Due to the increasing computing power of PCs and workstations, the discrete fracture network (DFN) approach offers new possibilities to simulate the geomechanical and hydrogeological behavior of a rock mass with reasonable effort [
5]. Applications related to slope stability, open pit mining, tunneling, dam foundations, groundwater flow in fractured rocks, radioactive waste disposals, and geothermal energy extraction are common and state of the art. Beside others, stochastically generated fracture networks are by far the most widely used DFNs for numerical modeling studies. Statistical discontinuity data from surface and subsurface scanline sampling and borehole imaging serve as the input for these models.

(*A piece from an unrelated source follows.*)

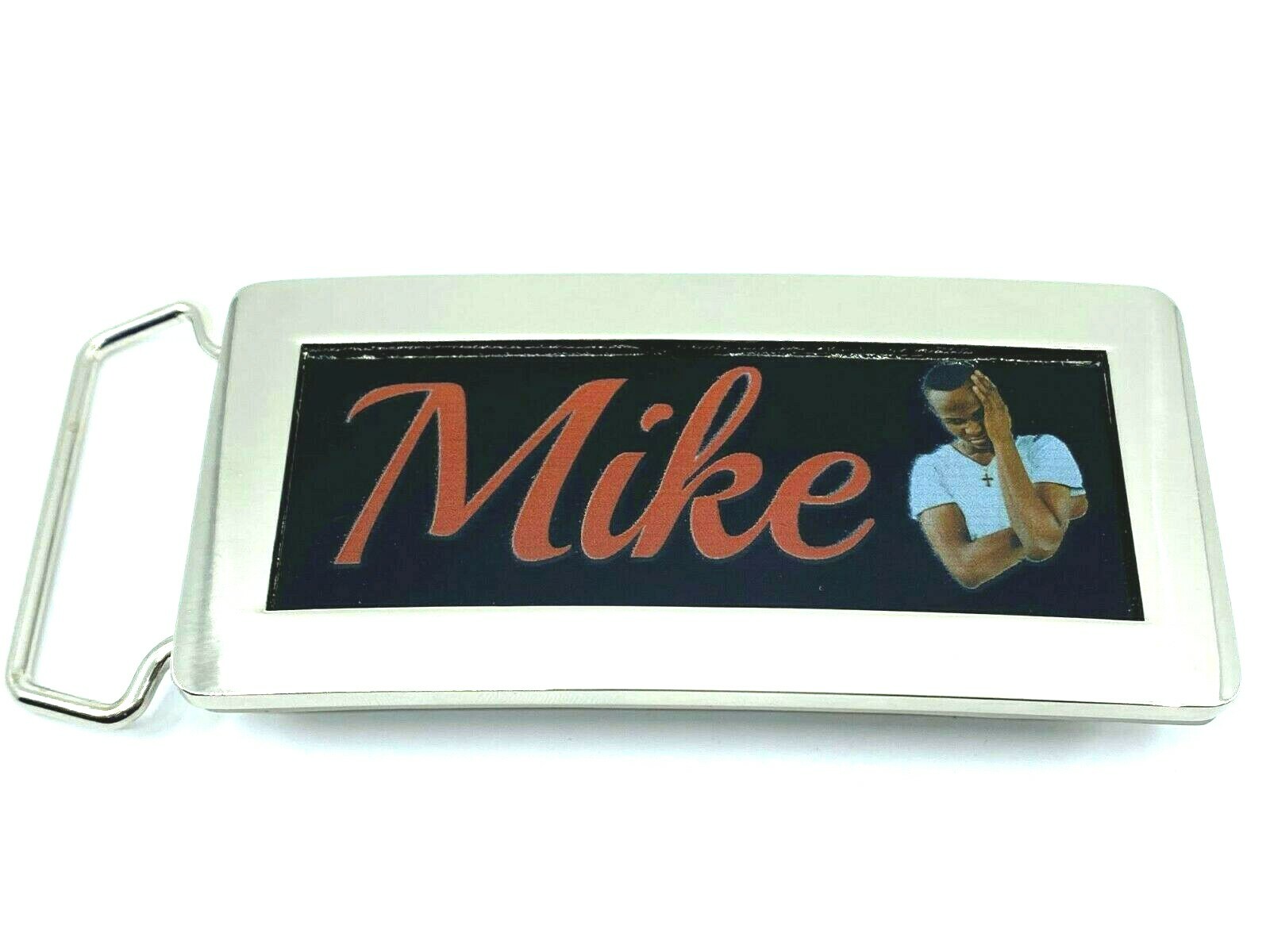 Adjustable Silver Belt Buckle Personalized Custom Black Letters Any Name or Word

However, it should be noted that a statistical analysis of discontinuity data is also based on assumptions and limitations [
14]. A key assumption is that the discontinuities are plane surfaces in 3D models and straight lines (traces) in 2D models. Accurate measurements of trace lengths are challenging due to the outcrop situation and accessibility. The real shape of discontinuity surfaces can hardly be determined at the outcrop and certainly not statistically recorded. Planar disks or polygons are therefore used as idealized shapes for the analyses and modeling. According to Priest [
14], the normal set spacing is measured along a line oriented parallel to the mean normal to the set. Therefore, in the workflow presented here, it is assumed that the discontinuities of a set are aligned in parallel for the spacing calculation (i.e., cos (
δ) remains constant for a set and a selected scanline), leading to over- and underestimations of the distance. However, in comparison to RQD or total spacing, the normal set spacing value of each set of a rock mass is direction-independent. Statistical discontinuity analyses and their implementation into DFN models consider the geometrical parameters as independent random variables belonging to certain probability density distributions, such as negative exponential, normal, lognormal, gamma, or power law distributions [
5]. The highly complex temporal and spatial geological evolution of a study area can only, if at all, be rudimentarily captured by such statistical discontinuity analyses. Methodically, great difficulty arises in generating a 3D fracture network model based on 1D or 2D measurement data. Scanline data or borehole imaging data are generally biased by censoring and truncation effects. Concerning accuracy and precision of discontinuity spacing estimates, e.g., due to short scanlines or small samples, the reader is referred to [
14,
33], and for discontinuity size estimations to [
14,
35].
Despite the summarized assumptions and limitations, the workflow presented herein offers the opportunity of a more objective data acquisition and analysis compared to the classical outcrop sampling method with a subjective selection of recorded discontinuities and estimations of spacing and trace length parameters.